La Cour énonce que « L’annulation d’une assemblée générale ayant procédé à la désignation d’un syndic entraîne la nullité des assemblées subséquentes convoquées par ce même syndic, à la condition que l’action ait été introduite dans le délai prescrit à l’article 42 alinéa 2 de la loi du 10 juillet 1965 ».

Elle infirme le jugement et décide qu’il y a lieu « d’annuler l’assemblée générale du 7 juin 2021 dans son ensemble », excluant toute régularisation rétroactive du mandat.

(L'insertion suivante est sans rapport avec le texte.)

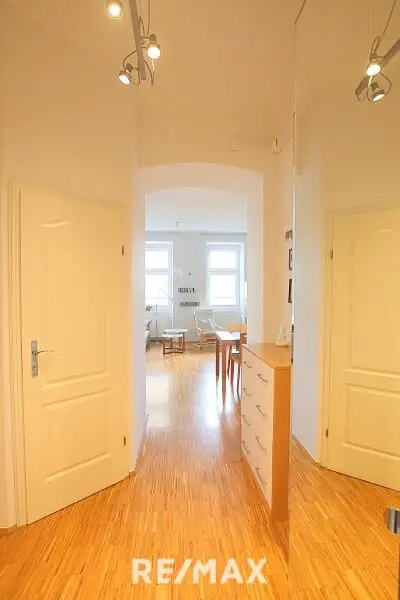 Wunderschöne Altbauwohnung - 2 Zimmer mit perfektem Grundriss, barrierefrei!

I. Le cadre de recevabilité et l’effet rétroactif

A. Le délai de contestation et son office

La Cour d’appel d’Aix-en-Provence conditionne la nullité des assemblées subséquentes à l’introduction de l’action dans le délai de deux mois prévu par l’article 42, alinéa 2.

L’extrait cité souligne cette articulation temporelle en des termes nets, où le grief procédural est jugé opérant lorsque la contestation a été diligente.

En l’espèce, l’action a été engagée dans les deux mois suivant la notification, ce qui obligeait à tirer toutes conséquences de l’annulation préalable de 2020.

Cette exigence protège la sécurité juridique sans paralyser le droit d’agir, car elle sanctionne l’inaction mais sauvegarde l’efficacité d’une contestation promptement diligentée.

B. La privation rétroactive de mandat du syndic

En conséquence de l’annulation de l’assemblée de 2020, le syndic se trouvait dépourvu de tout titre pour convoquer l’assemblée de 2021, dès l’origine.

La Cour relève qu’il se trouvait « dépourvu de mandat pour agir en raison de l’effet rétroactif attaché à cette décision ».

La convocation, acte de représentation du syndicat, requiert un mandat existant et régulier, faute de quoi l’assemblée est atteinte d’une nullité d’ensemble.

Le juge d’appel en déduit logiquement l’annulation intégrale de l’assemblée du 7 juin 2021, solution de cohérence avec la protection collective des copropriétaires.

II. Portée de la solution et limites pratiques

A. L’impossibilité d’une régularisation rétroactive

La juridiction écarte la thèse d’une confirmation postérieure du mandat pour couvrir la nullité, en rappelant que « la désignation d’un syndic n’a d’effet que pour l’avenir ».

Une telle affirmation verrouille toute tentative de validation ex tunc par une résolution ultérieure, afin de préserver la loyauté des procédures et la sincérité des convocations.

Elle dissocie strictement la nomination pour l’avenir et les effets d’une annulation antérieure, ce qui interdit d’assimiler une confirmation à une ratification civiliste classique.

Ce choix renforce la sécurité des assemblées, mais impose aux syndicats une vigilance organisationnelle accrue, notamment lors des périodes de contestation contentieuse.

B. L’économie contentieuse et la question des frais

Constatant la nullité, la Cour indique qu’« Il convient en conséquence, sans qu’il soit besoin d’examiner les autres moyens développés au soutien de l’appel, d’infirmer le jugement déféré et d’annuler l’assemblée générale du 7 juin 2021 dans son ensemble ».

La démarche privilégie l’économie de moyens et la lisibilité de la motivation, sans affaiblir la solution, qui repose sur un motif suffisant et décisif.

Sur les frais, la condamnation aux dépens de première instance et d’appel s’impose à la partie perdante, tandis que l’indemnité de l’article 700 est refusée.

Le rappel de la dispense prévue à l’article 10-1 de la loi du 10 juillet 1965 confirme une répartition équitable des charges de procédure internes.

La solution, ferme sur la régularité du mandat et mesurée sur les frais, s’inscrit dans une exigence de sécurité et de loyauté de la vie syndicale.